Sunday, May 17, 2020

Paleo Waffles

This morning, I felt energetic enough to make waffles (vs. my usual "reheat something Mom made"). This is a rather low bar, since "making waffles" in this case means "stirring one cup of mix with 3/4 c. water and pouring it into a waffle-maker," hardly a laborious process. But it's still a rare enough occurrence that I figured hey, let's take some subpar pictures and talk about the lunacy of "paleo" as a diet.

To recreate the experience, you will need one (1) bag of Birch Benders Paleo Pancake Waffle Mix from Costco.
source
You may be wondering whether "paleo pancake and waffle mix" isn't a bit of an oxymoron, to which I say yes, it sure is; no one in the paleo period was making waffles, dudes. Or chocolate, or cinnamon rolls, or basically any of the other popular "paleo" treats. "Paleo" as a philosophical ethos is deeply flawed, to the extent that I would argue it is largely nonsense. Nonetheless, I am still very grateful for its existence, as much as the background makes me cringe: It's a very straightforward shortcut for "hey Ames, this doesn't contain anything that will make your body angry," as paleo foods contain no refined sugar or grains, the latter excluding anything with gluten. Does a pancake/waffle mix without flour or sugar taste the same? Fuck no. Different flavor, different texture, whole different ballgame. BUT! As long as you don't go into it expecting a perfect dupe, it's fine. The Birch Benders mix contains cassava starch, almond flour, eggs, a couple of leaveners, salt, and monk fruit as the sweetener. Plus "spices," whatever that may entail.

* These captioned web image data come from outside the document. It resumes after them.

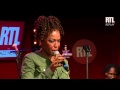 Lisa Simone - Aint Got No I Got Life en live dans l'Heure du Jazz RTL - RTL - RTL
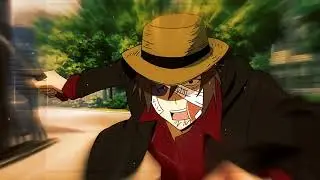 Yeah... I'm Good - Coded Distress [AMV]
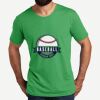 Unisex Tri Blend Tee Thumbnail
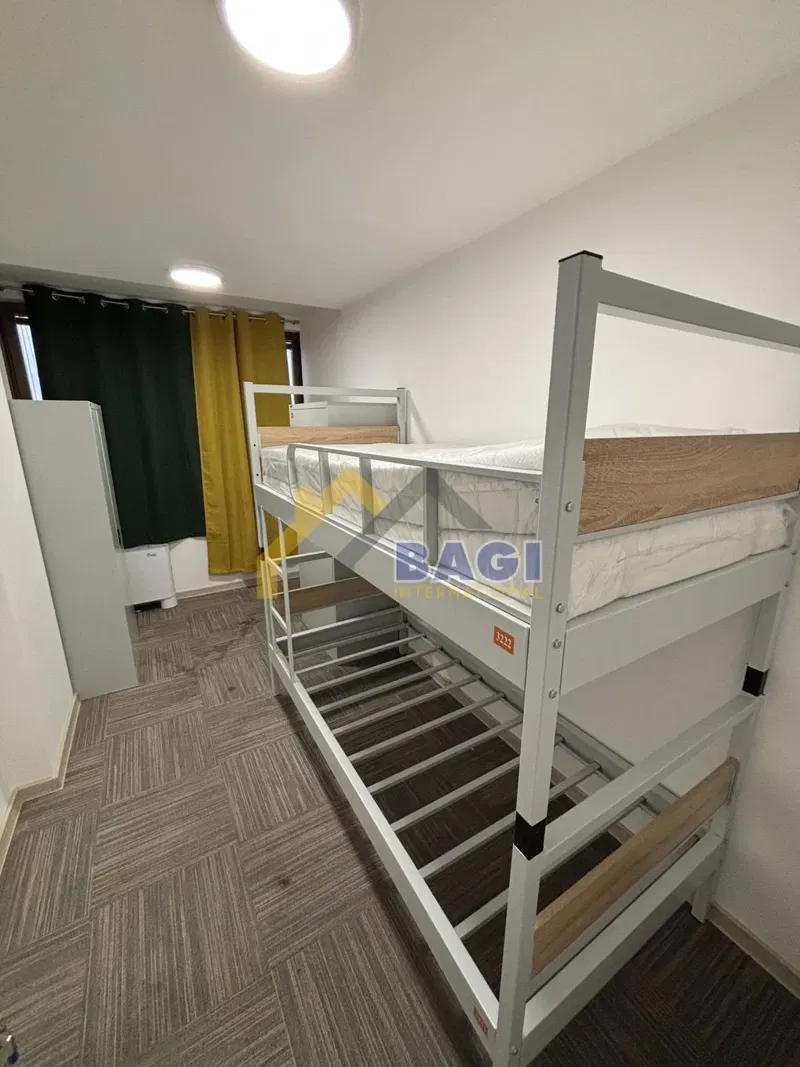 Flat/apartment Čulinec, Donja Dubrava, 500m2 – 3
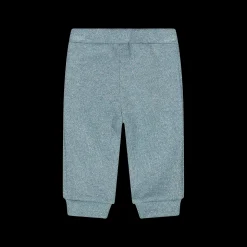 Pantalone lungo per neonata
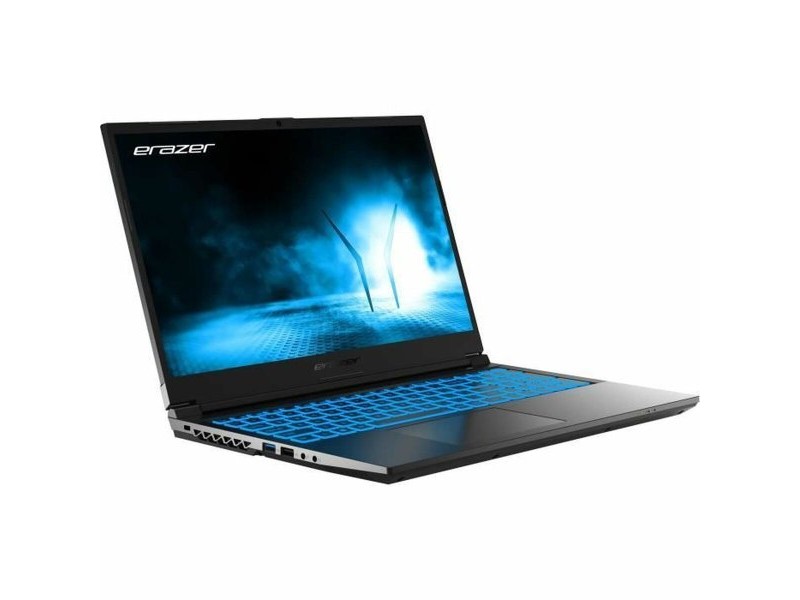 Лаптоп Medion MD62592 i5-12450H 8 GB RAM 512 GB SSD Испанска Qwerty 15,6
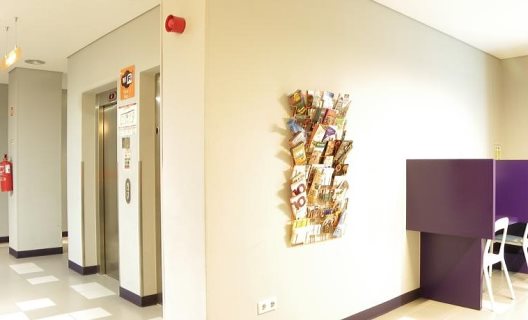 Hotel Istay Porto Centro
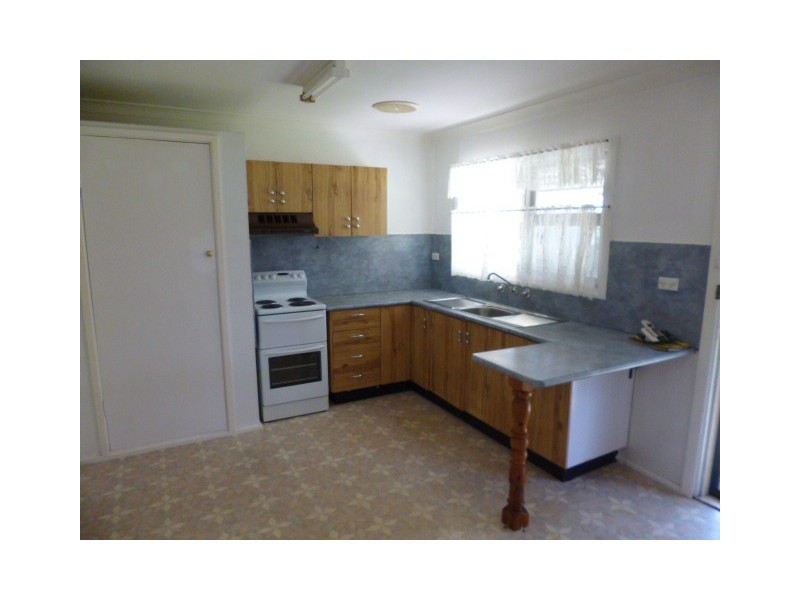 110 Maitland Road, Muswellbrook NSW 2333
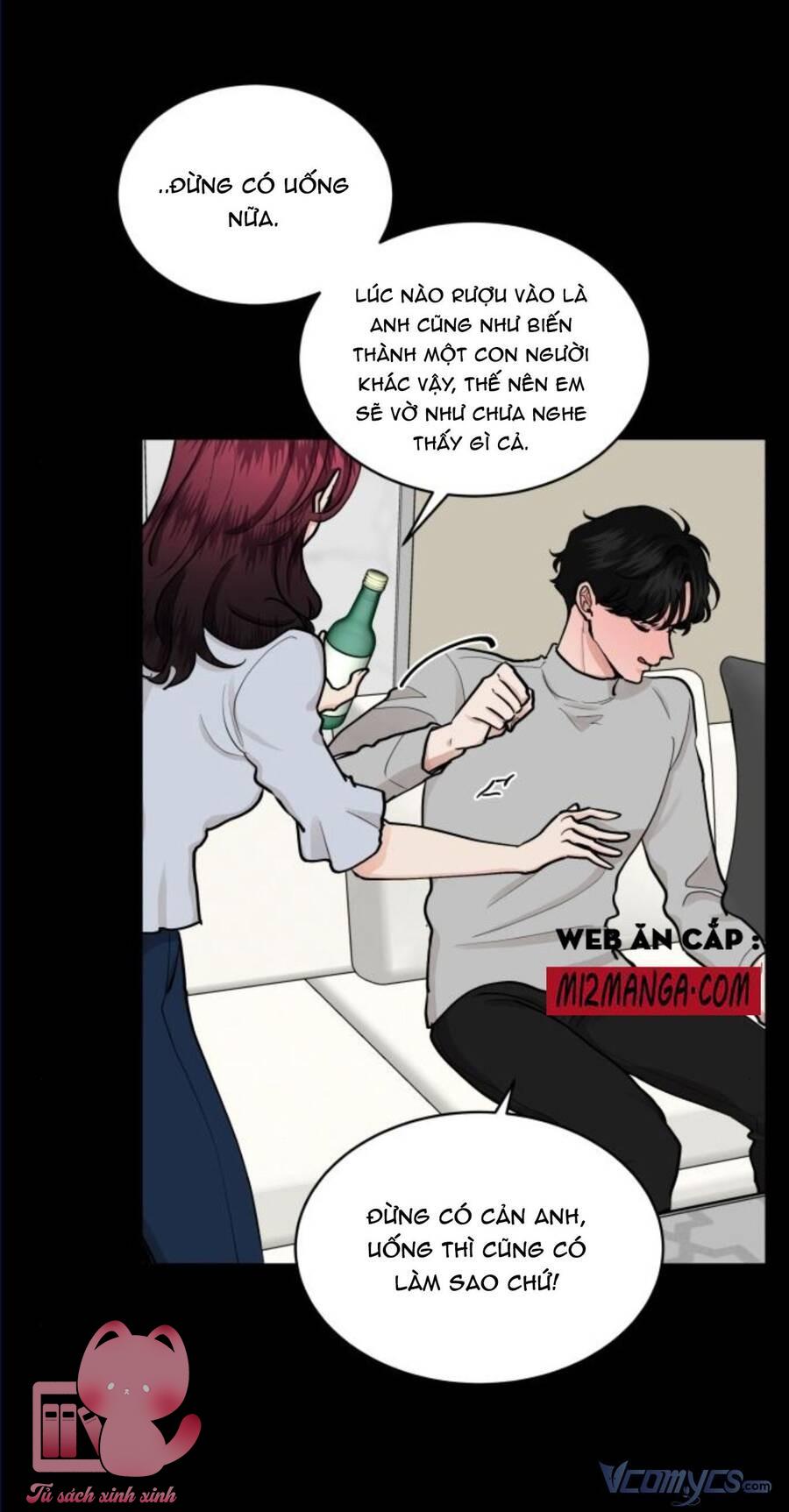 Oan Gia Ngõ Hẹp - Chap 50 - Trang 7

For waffles, scoop a cup of the mix into a bowl and add 3/4 c. water. The instructions say to add 1.5 T oil, too, but I skip that and it's fine. We're going for bare minimum here, folks. Stir together and let sit for a couple of minutes while you let the waffle iron heat up. Pour it into said waffle maker. I usually don't pour enough so it ends up being a somewhat pathetically malnourished waffle, but it's fine, no one's here to judge. I recommend letting it cook longer than your waffle iron will think it needs, but don't expect it to get crispy, it's not gonna happen. (If you cook them and then reheat them in the toaster oven later, they do get crispier, but still not truly crispy. Such is the curse of paleo.)
Green light = go, but first wait for a few minutes (this would get you honked at in traffic)
Plorp it onto a plate.
Exhibit A: "somewhat pathetically malnourished waffle"
Spread some peanut butter. I used Costco's organic creamy peanut butter, which is made from valencia peanuts and, despite the lack of added sugar, is too sweet for my taste, but the grocery stores have been out of Adam's for weeks so we make do with what we've got.
Exhibit B: Costco's "too sweet" peanut butter, plus my very fuzzy bathrobe
Then pour on some maple syrup. Again, I used Costco's. In an ideal world, I would have put sliced bananas on top, too, but there's a pandemic on and we didn't have any, so again, we make do with what we've got.
Exhibit C: Costco's maple syrup. This post is not sponsored by Costco, we just shop there a lot.
I would say ta-da!, but I forgot to take a picture of just the finished waffle. I'm sure you can use your imagination.

One cup of mix makes enough for 2ish Belgian waffles; I made two somewhat pathetically malnourished and one tragically malnourished waffles, enough for two breakfasts and a snack.